The leaders can also spend some time fighting over the existing European Union budget itself for the years 2014 to 2020, with Britain leading the charge to protest greater central spending at a time when member states are cutting their own budgets.

But most economists interviewed say that if the euro is to survive in the long run, the common currency needs common banking rules and supervision, including a collective bank-deposit insurance program, so that euro deposits in Greece are as safe as those in Germany. Combined with a more rigorous attitude toward reducing debt, economists like Daniel Gros, the director of the Center for European Policy Studies in Brussels, maintain that the real economy will continue to work to adjust imbalances in the euro zone. Already, current account balances are improving, Greek prices are dropping (encouraging tourism again), and German exports are slowing.

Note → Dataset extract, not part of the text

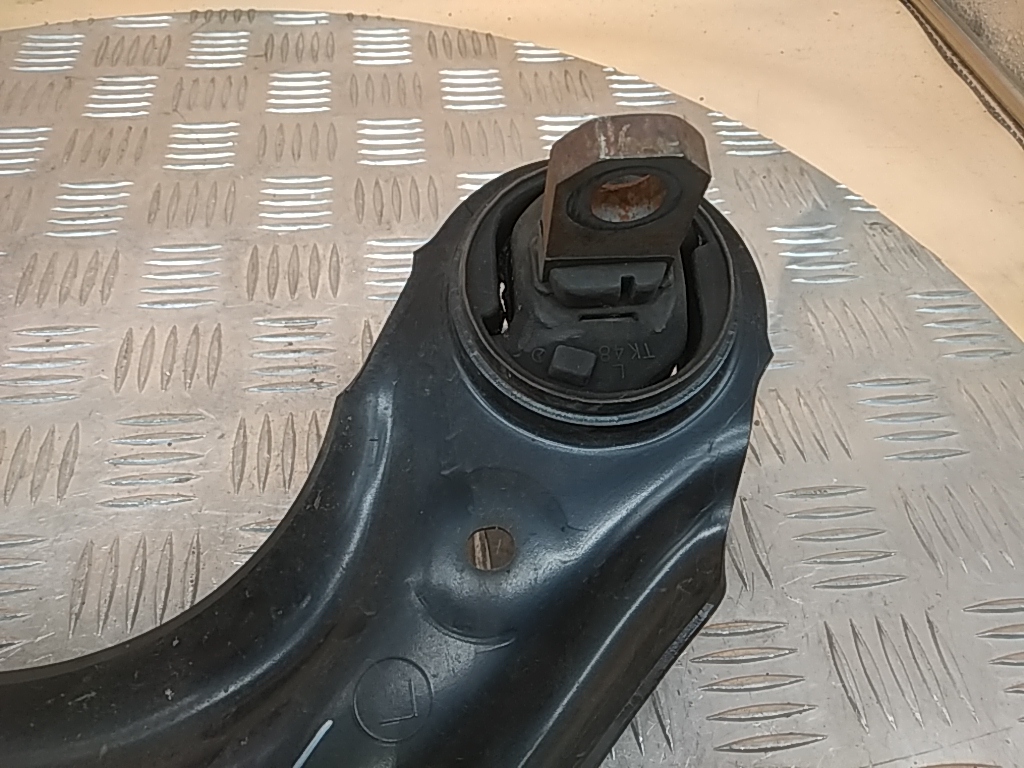 Рычаг задний продольный левый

But there remain worries about the longer-term future. David Miliband, the former British foreign secretary, said that there was too little strategic thinking. “The tragedy of the left is that it’s against reform, and the tragedy of the right is that it sees austerity and reform as the same thing,” he said in an interview. “The proper position is to encourage structural and institutional reform but without harping on too much austerity,” which, he said, is “worsening the disease and making the tunnel longer.”

The deeper problem of the European Union, Mr. Miliband suggested, is that its institutions as currently set up are “neither legitimate nor effective,” unlike the union in the 1980s, when there was a democratic deficit but it did not matter much, because the bloc’s leaders delivered. The “delivery deficit,” he said, “is more damaging than the democracy deficit.”